Norvig’s treatment of the chapter is different because he emphasizes dynamism and code reuse on all sides of the problem. I typically think in terms of data driven design being a way to allow for infinite customization within a single clearly specified problem. Somehow, Norvig’s abstractions are “hairy” at both ends… allowing for an order of magnitude more flexibility. I do some of the things he demonstrates already. For instance, he uses a list to store data and even includes extra non-functional fluff to make it more readable. Then he makes the Lisp equivalent of property accessors in order to allow the program to be self commenting and easier to modify later. But there’s something about the way he thinks that’s foreign to me… or at least, does not come naturally. He doesn’t quite make such a hard separation between code and data that my experiences with OOP Frameworks and Relational Databases have drilled into me.
The chapter really should be no big deal, but my attempts at exercises 2.1 and 2.2 blew up in my face. The first one wasn’t too bad, but I was ignorant of the fact that setf could be used with lexically scoped variables– and also that setf returns the value. Not knowing those two things can lead to some pretty ugly Lisp code, so I’m glad I’ve learned them.
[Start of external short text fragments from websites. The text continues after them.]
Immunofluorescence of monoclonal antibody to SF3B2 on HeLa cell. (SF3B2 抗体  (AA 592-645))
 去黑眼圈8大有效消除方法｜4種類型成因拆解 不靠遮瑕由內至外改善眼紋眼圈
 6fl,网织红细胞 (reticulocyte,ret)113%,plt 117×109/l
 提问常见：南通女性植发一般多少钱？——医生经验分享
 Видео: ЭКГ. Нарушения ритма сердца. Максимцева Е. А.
The second exercise I completely misunderstood. I don’t know why. Maybe it has something to do with the fact that his “rewrite” function is named in a counter-intuitive way. I even completely missed it after glancing at the answer. Why is it that when Norvig asks me to do something pretty simple I completely blank out?
At this point I should either keep on moving and start on the next chapter… or I should go back an reread Chapter 2 and try to soak up everything he said without missing anything. I can’t tell if I’m overreacting or not. At any rate, Norvig’s writing is fairly dense and requires a great deal of attention. You can’t just skim it and expect to get much out of it.